The rectified power is started from the initial voltage OV to the capacitor Cd of the smoothing part 24.

At this time, an inrush current as shown in FIG. 4D is generated from the initial voltage point, and the inrush current is filtered out of the resistor Rf of the removal unit 29 and removed.

Subsequently, the smoothing unit 24 is continuously charged with power, and as shown in FIG. 4B, the power control unit 5 senses the time Tc at which Vm reaches Vc and outputs a start signal Vs to the microcomputer.

By the start signal, the microcomputer receives the frequency pulse detected by the branch 22 and sends a control signal to the removal unit 29 after a predetermined time, that is, after a delay time Td as shown in FIG. 4C.

Then, the removal unit 29 switches the power flowing to the inrush current limiting resistor Rf to the normal supply by the operation of the pot triac and the triac.

Hereinafter, the operation route of the BLDC motor 28 is omitted.

On the other hand, when the commercial power is cut off at the power switch 20, the Vm charged in the capacitor Cd of the smoothing unit 24 is discharged, and the microcomputer detects that there is no frequency signal from the sensing unit 22.

At this time, the micom blocks the control signal to the removal unit 29 to stop the _triak (T _Rm ) function of the removal unit 29, whereby the inrush current to the resistance (Rf) of the removal unit 29 Flow.

If the inrush current generated during the interruption is not completely removed as shown in FIG. 5D, when the power switch 20 is operated again as shown in FIG. 5A, the commercial power rectified by DC is recharged in the smoothing unit 24.

At the same time, the microcomputer detects the frequency of the commercial power source as shown in FIG. 5B and outputs a control signal to the removal unit 29 after a delay for a predetermined time Td as shown in FIG. 5C.

Then, the inrush current as shown in FIG. 5D is removed by filtering in the resistance Rf of the removal unit 29 during the time Td is generated.

Subsequently, when the transistor TR of the removal unit 29 is switched by the control signal of the microcomputer, the normal main power supplies the power flowing to the resistor at the root of the _phototriac P / T and triac T _Rm . To be supplied.

In the flow of the microcomputer to achieve the above-described present invention, as shown in FIG. 6, when power is first applied, an inrush current prevention subroutine is performed (S10).

Then, the microcomputer determines whether the frequency pulse of the commercial power is sensed by the detector 22 (S20), and determines whether the control signal is output from the microcomputer (S40).

When the frequency pulse is present and the control signal is output, the microcomputer executes a normal operation program of the system (S60). When the frequency pulse is not detected, the microcomputer blocks the control signal to supply power from the removal unit 29. Alternatively, if the inrush current generated during blocking is removed (S30), and only the control signal of the microcomputer is blocked, the microcomputer delays for a predetermined time and then outputs the control signal to the removal unit 29 to prevent the inrush current (S50). ).

Subsequently, after preventing the inrush current, the microcomputer performs a normal operation program of the system (S60).

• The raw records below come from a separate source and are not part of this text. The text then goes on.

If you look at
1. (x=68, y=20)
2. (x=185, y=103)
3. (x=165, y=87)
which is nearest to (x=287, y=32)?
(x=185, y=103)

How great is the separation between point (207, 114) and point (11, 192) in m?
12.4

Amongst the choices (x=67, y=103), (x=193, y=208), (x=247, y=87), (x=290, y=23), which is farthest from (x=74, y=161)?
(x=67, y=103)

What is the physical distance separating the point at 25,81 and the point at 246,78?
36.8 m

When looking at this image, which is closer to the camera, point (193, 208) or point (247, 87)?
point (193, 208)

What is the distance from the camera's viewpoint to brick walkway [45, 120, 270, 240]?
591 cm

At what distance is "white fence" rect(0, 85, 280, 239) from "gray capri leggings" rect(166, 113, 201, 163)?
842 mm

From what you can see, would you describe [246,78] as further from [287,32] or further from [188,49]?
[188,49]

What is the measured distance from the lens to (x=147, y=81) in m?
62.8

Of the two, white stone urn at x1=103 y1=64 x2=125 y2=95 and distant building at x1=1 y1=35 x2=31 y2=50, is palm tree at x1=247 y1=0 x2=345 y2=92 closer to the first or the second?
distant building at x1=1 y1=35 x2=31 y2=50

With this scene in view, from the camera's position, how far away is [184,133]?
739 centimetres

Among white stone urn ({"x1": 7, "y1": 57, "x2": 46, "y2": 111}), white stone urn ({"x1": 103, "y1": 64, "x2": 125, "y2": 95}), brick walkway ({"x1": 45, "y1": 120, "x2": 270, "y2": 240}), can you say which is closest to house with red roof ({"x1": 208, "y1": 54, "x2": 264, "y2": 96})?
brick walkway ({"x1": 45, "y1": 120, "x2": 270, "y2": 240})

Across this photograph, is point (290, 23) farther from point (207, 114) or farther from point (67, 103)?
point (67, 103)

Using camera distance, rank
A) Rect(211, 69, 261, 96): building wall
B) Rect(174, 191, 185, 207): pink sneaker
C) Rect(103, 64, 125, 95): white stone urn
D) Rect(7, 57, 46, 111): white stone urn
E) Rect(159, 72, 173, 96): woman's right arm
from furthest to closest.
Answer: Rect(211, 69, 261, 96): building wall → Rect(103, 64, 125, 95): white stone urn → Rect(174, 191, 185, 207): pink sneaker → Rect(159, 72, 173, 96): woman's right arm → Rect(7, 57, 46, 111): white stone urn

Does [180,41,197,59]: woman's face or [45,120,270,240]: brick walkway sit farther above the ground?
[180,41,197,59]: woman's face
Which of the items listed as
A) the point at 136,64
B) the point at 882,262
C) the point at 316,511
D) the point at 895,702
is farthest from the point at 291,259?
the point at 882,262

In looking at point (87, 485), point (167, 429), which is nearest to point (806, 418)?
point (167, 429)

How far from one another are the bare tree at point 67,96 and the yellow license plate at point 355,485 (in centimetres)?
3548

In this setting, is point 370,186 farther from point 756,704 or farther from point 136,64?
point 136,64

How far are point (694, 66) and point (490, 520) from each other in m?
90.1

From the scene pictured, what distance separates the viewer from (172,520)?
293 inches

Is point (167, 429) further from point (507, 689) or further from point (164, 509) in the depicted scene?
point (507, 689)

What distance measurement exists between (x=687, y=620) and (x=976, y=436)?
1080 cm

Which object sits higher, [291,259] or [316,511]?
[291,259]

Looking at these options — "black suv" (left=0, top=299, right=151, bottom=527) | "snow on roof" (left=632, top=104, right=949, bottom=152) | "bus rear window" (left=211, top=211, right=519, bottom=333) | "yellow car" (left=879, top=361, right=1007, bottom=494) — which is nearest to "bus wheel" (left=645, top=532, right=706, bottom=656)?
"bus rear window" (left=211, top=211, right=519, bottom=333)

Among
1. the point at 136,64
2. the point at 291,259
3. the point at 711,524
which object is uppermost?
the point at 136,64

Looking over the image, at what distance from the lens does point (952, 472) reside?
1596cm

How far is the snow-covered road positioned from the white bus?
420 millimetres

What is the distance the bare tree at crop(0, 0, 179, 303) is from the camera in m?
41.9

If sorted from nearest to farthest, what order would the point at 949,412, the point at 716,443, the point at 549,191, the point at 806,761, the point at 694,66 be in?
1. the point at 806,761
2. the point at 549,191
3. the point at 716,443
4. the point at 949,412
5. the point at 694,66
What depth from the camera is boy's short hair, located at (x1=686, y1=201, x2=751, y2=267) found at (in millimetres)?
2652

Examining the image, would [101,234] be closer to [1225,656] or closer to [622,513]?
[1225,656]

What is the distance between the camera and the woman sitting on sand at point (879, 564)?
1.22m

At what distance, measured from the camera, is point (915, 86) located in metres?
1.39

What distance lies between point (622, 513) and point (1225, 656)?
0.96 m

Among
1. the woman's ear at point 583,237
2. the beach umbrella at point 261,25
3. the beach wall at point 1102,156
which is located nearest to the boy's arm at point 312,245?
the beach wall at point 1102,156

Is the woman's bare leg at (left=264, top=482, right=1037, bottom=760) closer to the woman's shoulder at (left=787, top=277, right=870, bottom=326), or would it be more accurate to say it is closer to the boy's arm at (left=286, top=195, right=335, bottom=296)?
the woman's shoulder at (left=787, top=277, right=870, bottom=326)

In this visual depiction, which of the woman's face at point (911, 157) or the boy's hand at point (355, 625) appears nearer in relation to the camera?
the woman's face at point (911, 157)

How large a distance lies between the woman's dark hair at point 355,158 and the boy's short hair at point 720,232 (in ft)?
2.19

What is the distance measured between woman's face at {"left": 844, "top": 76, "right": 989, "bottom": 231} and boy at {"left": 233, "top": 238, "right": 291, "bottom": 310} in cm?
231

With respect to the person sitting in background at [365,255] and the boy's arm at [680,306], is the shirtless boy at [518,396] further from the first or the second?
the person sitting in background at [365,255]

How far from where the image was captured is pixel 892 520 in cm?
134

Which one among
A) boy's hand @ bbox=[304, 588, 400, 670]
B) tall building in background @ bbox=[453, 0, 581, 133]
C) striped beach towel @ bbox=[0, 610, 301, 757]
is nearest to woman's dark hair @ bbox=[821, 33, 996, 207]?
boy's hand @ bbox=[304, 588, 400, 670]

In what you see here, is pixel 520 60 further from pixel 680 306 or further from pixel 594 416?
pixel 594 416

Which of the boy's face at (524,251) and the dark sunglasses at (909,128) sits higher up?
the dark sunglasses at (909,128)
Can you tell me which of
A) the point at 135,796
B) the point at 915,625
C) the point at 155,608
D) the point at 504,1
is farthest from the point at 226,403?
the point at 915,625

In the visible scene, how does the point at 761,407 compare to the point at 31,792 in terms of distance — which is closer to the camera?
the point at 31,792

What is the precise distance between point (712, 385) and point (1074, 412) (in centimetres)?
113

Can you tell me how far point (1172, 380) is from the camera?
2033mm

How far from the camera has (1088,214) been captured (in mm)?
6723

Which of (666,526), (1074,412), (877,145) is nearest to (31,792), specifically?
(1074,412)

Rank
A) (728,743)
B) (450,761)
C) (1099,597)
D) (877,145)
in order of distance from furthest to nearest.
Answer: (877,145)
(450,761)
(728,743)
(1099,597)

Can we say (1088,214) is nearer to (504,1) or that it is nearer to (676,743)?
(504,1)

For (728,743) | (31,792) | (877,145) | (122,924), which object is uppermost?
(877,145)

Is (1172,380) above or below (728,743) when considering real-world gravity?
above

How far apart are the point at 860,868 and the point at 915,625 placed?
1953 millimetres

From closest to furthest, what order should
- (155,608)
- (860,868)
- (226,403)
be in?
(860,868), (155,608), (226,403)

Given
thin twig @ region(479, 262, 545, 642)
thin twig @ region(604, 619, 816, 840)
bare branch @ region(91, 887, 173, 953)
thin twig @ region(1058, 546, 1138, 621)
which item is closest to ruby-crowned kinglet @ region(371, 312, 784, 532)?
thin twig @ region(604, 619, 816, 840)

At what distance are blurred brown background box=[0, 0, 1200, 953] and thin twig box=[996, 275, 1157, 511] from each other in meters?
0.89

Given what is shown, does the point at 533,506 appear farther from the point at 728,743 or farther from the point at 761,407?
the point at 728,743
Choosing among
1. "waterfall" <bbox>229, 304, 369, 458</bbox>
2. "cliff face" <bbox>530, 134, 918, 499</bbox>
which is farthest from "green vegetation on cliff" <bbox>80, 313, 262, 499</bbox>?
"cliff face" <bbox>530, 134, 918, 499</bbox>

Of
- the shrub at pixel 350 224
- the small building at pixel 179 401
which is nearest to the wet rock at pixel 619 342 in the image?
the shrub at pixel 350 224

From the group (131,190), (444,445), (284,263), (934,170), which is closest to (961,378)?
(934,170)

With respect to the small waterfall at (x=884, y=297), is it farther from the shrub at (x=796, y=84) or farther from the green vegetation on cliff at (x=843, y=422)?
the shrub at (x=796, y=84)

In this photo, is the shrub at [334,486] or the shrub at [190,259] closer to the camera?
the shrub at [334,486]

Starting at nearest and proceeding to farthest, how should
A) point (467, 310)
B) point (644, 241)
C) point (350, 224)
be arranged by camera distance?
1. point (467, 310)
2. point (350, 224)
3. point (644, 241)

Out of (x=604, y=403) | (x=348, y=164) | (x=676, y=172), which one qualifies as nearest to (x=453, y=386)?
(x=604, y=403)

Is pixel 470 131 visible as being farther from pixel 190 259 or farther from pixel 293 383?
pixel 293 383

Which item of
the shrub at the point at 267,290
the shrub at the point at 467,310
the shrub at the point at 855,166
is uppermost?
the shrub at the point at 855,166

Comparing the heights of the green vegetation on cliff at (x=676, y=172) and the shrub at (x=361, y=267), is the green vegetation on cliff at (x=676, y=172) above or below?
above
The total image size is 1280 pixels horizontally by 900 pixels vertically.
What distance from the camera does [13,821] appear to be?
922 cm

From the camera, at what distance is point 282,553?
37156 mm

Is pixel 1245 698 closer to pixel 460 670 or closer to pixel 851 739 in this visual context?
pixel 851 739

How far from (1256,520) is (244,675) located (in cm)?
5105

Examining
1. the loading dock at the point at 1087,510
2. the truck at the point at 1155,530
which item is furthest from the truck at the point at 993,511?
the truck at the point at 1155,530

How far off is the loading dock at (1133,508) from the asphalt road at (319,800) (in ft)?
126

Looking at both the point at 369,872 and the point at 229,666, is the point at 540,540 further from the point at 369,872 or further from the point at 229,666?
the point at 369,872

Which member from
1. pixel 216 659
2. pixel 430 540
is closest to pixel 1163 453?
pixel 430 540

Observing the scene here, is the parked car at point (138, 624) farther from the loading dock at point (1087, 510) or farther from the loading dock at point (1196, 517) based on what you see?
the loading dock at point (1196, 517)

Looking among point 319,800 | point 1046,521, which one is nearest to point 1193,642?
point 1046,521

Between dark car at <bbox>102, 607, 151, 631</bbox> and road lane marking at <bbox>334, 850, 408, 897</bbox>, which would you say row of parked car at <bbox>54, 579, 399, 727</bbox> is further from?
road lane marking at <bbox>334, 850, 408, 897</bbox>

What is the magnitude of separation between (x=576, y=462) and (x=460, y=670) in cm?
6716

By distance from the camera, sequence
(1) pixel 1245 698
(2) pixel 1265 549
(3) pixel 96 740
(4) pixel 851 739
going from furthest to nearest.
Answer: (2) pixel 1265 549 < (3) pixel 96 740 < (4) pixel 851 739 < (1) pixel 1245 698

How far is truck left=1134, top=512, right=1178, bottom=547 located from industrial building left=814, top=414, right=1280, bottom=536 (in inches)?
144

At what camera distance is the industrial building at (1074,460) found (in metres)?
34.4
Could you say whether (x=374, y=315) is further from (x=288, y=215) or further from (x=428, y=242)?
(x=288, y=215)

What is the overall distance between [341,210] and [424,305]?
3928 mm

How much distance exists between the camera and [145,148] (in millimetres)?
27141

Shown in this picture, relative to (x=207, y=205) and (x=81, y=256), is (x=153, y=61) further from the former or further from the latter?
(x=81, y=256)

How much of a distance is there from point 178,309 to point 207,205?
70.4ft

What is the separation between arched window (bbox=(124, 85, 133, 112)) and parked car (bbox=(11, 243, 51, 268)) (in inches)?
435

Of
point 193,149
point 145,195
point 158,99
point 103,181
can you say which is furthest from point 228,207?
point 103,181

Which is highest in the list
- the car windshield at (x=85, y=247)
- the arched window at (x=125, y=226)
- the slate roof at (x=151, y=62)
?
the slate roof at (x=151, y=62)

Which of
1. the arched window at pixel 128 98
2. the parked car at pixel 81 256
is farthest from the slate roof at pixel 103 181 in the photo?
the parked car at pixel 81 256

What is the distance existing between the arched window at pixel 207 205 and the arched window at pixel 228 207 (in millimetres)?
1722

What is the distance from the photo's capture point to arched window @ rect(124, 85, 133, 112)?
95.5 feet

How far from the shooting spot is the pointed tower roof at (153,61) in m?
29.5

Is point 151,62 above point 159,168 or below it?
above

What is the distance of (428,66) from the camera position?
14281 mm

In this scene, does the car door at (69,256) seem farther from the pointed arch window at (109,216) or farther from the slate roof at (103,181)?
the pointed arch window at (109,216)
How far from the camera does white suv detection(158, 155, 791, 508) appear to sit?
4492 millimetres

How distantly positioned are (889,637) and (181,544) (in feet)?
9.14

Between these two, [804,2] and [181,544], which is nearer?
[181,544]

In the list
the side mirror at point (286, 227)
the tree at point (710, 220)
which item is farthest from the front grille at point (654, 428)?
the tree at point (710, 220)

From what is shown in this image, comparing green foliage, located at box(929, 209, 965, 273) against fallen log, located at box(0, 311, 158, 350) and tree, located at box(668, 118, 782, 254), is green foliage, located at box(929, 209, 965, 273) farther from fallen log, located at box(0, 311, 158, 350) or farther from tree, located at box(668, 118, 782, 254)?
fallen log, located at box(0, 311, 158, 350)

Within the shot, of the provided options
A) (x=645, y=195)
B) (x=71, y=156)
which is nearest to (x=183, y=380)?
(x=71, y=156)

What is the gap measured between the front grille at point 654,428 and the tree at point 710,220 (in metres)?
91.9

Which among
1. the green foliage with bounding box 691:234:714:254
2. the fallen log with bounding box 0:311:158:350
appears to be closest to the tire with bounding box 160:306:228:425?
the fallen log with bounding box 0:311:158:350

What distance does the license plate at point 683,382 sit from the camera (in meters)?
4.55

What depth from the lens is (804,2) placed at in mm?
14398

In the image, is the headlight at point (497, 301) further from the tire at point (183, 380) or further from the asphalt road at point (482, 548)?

The present invention prevents inrush current generated during power supply as well as inrush current generated during interruption or resupply, thereby preventing damage to the system due to impact power, thereby extending the life of the system and reducing malfunction. Has the effect of improving.

Claims (2)

Inverter circuit for driving a multi-phase motor connected in parallel with the inrush current limiting resistor and phototriac and triac; A transistor for switching the phototriac to operate; Inrush current preventing circuit comprising a micom for controlling the transistor. A control method for preventing inrush current from a power supply; Sensing the power supply state to prevent inrush current; Outputting a control signal by delaying a predetermined time after the detection; And supplying the normal main power by the control signal.